> [GIVEN RECORDS]:
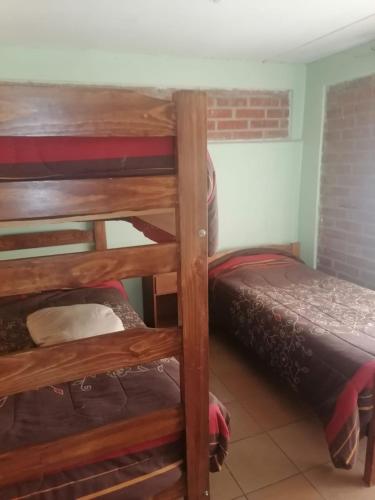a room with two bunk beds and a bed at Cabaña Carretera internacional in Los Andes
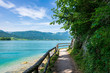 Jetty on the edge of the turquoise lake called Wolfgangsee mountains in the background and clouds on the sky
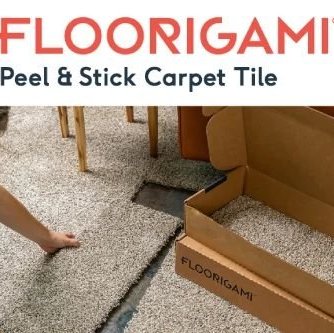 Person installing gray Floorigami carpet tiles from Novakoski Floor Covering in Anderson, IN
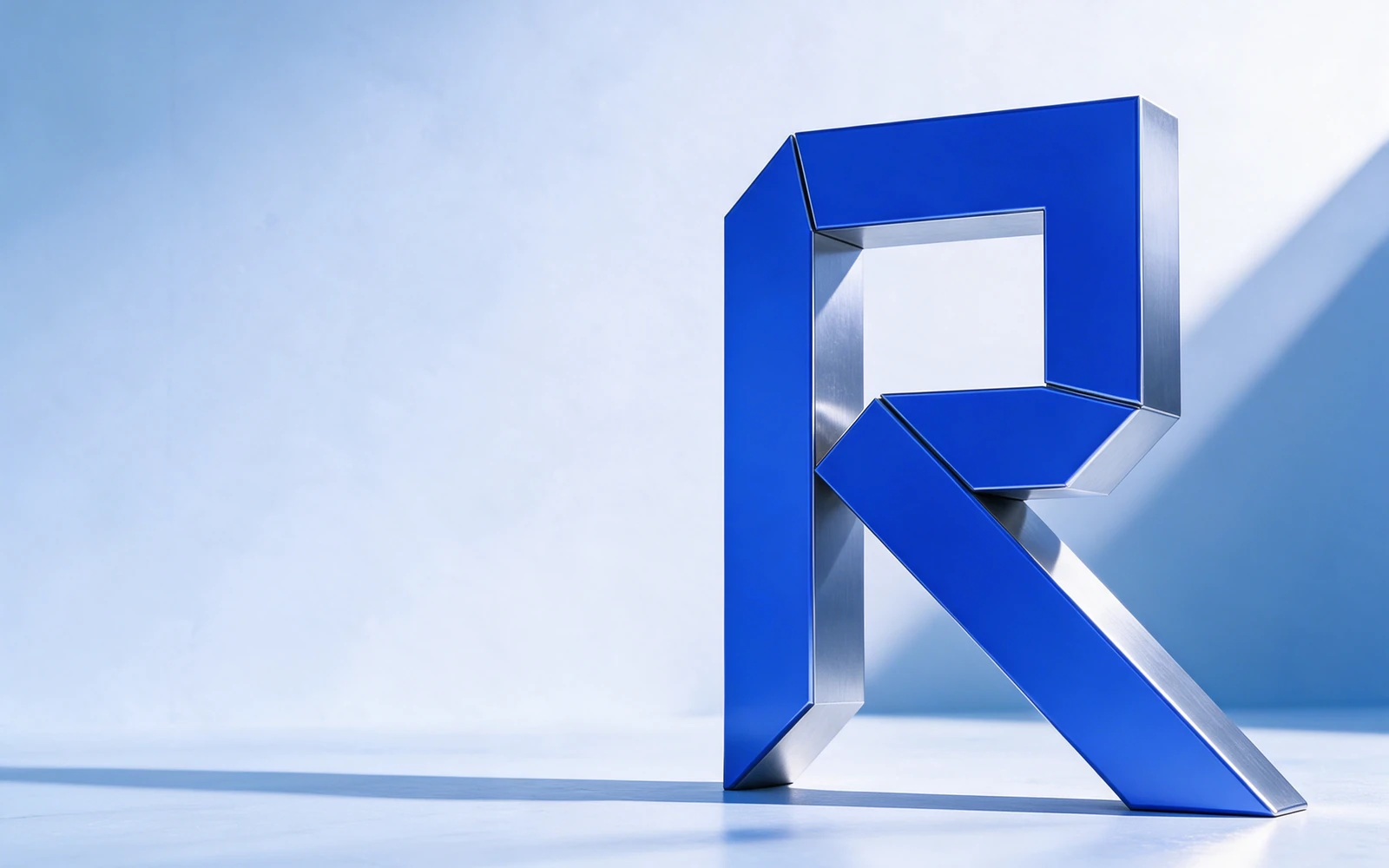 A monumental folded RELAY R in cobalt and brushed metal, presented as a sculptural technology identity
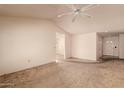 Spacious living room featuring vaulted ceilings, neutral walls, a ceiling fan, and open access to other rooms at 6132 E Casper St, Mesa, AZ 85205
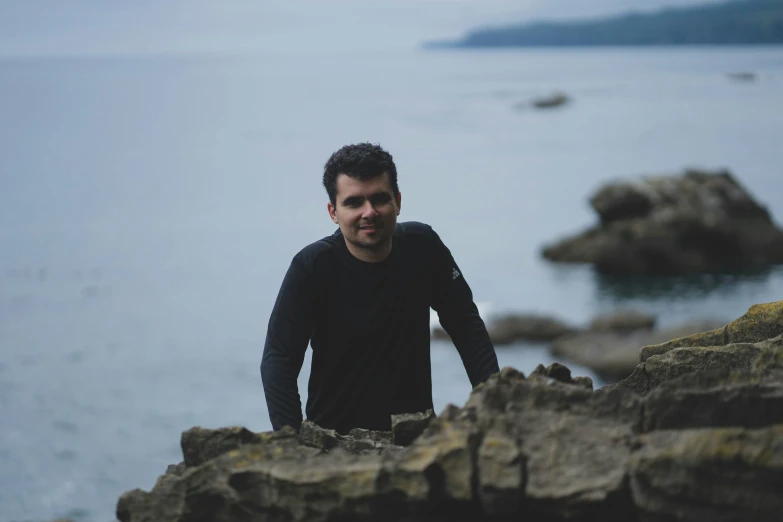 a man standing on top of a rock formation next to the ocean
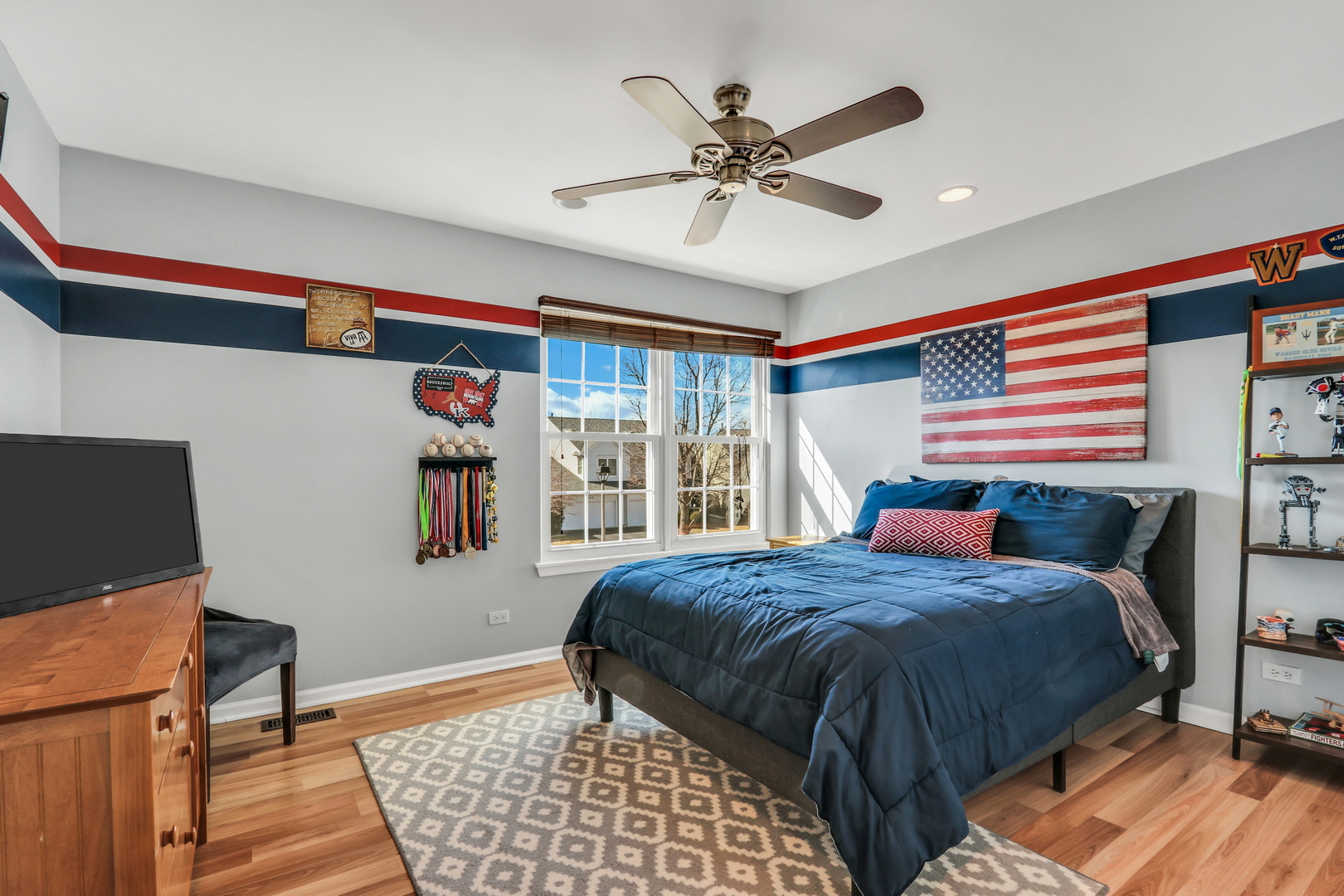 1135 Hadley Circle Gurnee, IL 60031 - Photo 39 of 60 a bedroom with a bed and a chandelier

> [PROBLEM REQUIREMENTS]: Return exactly the stretch above whose first line contains "A monumental folded" and whose last line contains "Spacious living room", and nothing outside it. The pictures should not appear.

> [FINISHED TASK]:
 A monumental folded RELAY R in cobalt and brushed metal, presented as a sculptural technology identity
 Spacious living room featuring vaulted ceilings, neutral walls, a ceiling fan, and open access to other rooms at 6132 E Casper St, Mesa, AZ 85205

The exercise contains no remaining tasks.